- Developer: NCM Entertainment
- Publisher: JVC Musical Industries
- Designers: Nimai C. Malle Scott Hartin
- Artist: Rick Helmick
- Composer: Dan Canary
- Platform: Super NES
- Release: NA: November 1995;
- Genre: Sports (American football)
- Modes: Single-player, multiplayer

= Emmitt Smith Football =

1995 video game

Emmitt Smith Football is an American football video game released exclusively for the Super NES in North America. Its namesake is former all-pro running back Emmitt Smith of the 1994 Dallas Cowboys. There is no official use of any licenses other than the Emmitt Smith name, making the teams and players fictional.

The game received mediocre reviews from critics, most of whom remarked that the innovative play editor feature is the one thing that keeps the game from being terrible.

==Gameplay==

Sample gameplay of Emmitt Smith Football.

Like Troy Aikman NFL Football, the player can make up to 64 of their own plays (saved through a battery backup).

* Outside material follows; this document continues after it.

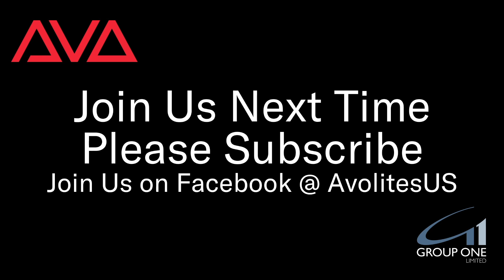I hope you learned something. Please join us on Facebook at AvolightesUS. Join us here next time. Please subscribe. Thanks. Bye.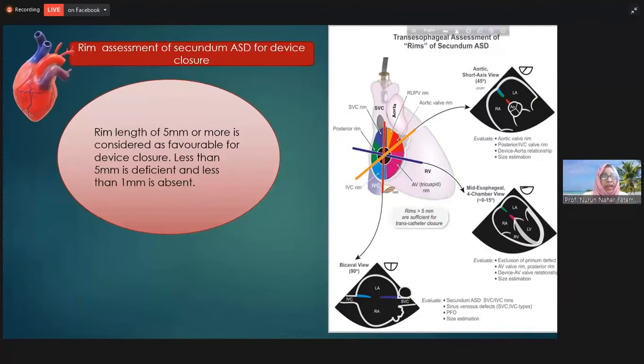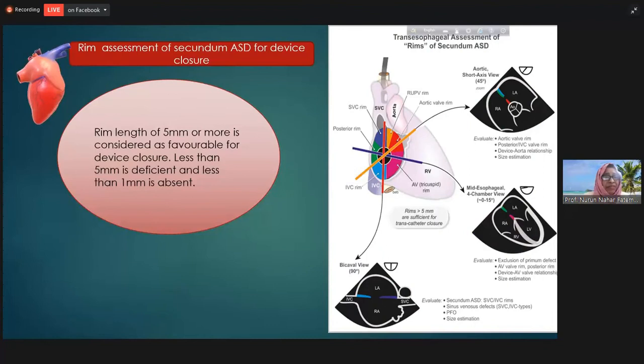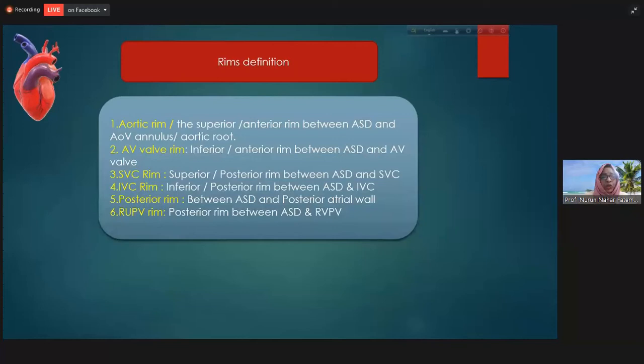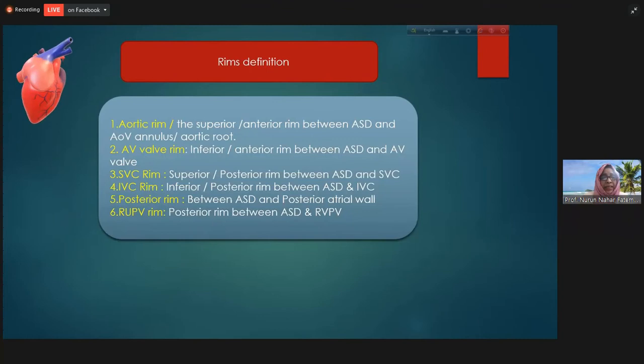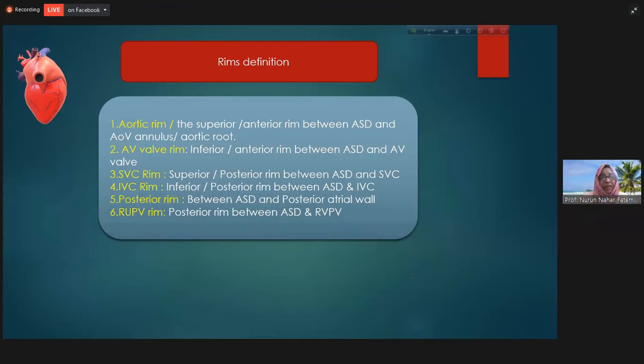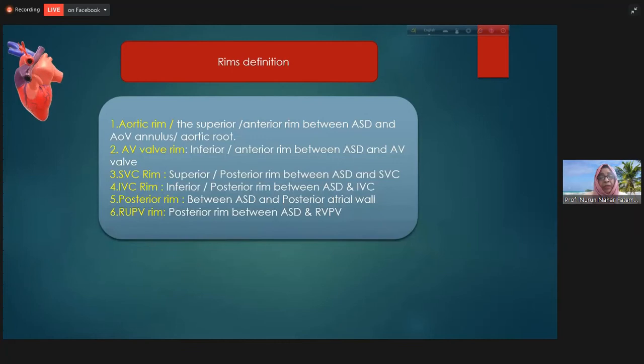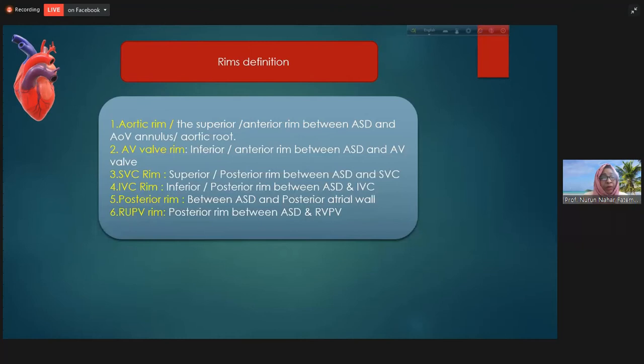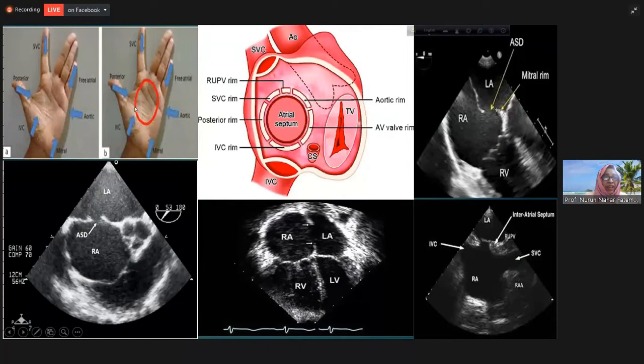Rim estimation is the most important part for device closure. If the rim is less than 5 mm, we call it deficient; if less than 1 mm, it is absent. There are various rims: the aortic rim (anterior superior, between atrial septum and aortic valve), the AV valve rim (between atrial septum and AV valve), the SVC rim (posterior superior, between ASD and superior vena cava), the IVC rim (between ASD and inferior vena cava), the posterior rim (posterior wall of the atrium), and the right upper pulmonary vein rim (between ASD and right upper pulmonary vein).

Possible modes of play include: exhibition mode and season mode based on the 1994 NFL season. Smith added his voice on the game; giving positive comments on big gains and negative comments on negative plays. Most of the standard rules of the National Football League at the time of release are used (four quarters of 15 minutes, 100 yard field, etc.). However, the options allow the player to change some of the rules used in the actual game. This game was mentioned in the November 1995 issue of Nintendo Power.

==Ratings==
Emmitt Smith Football received generally mediocre reviews. Slo Mo of GamePro described the game as overall "respectable", but overshadowed by number of superior football games on store shelves. He particularly noted the lack of an NFL license, the "fair" sprites with choppy animation, the playbook interface lifted from Madden NFL, and the play editor feature, which he said is the game's one highlight. The two sports reviewers for Electronic Gaming Monthly agreed that the play editor feature is "the only thing that saves this game from sitting on the bench", criticizing that the choppy animation makes it hard to follow the gameplay and that the game simply isn't fun. They gave it scores of 5.5 and 6.0 out of 10. A reviewer for Next Generation likewise remarked, "That [play editor] feature alone is great, unfortunately it's the only thing that keeps Emmitt Smith Football from being one of the worst football games on the market. Once on the field, the poor graphics and even worse gameplay make the testing of your plays anything but fun." VideoGames & Computer Entertainment recorded a 4 out of 10 in its October 1995 issue.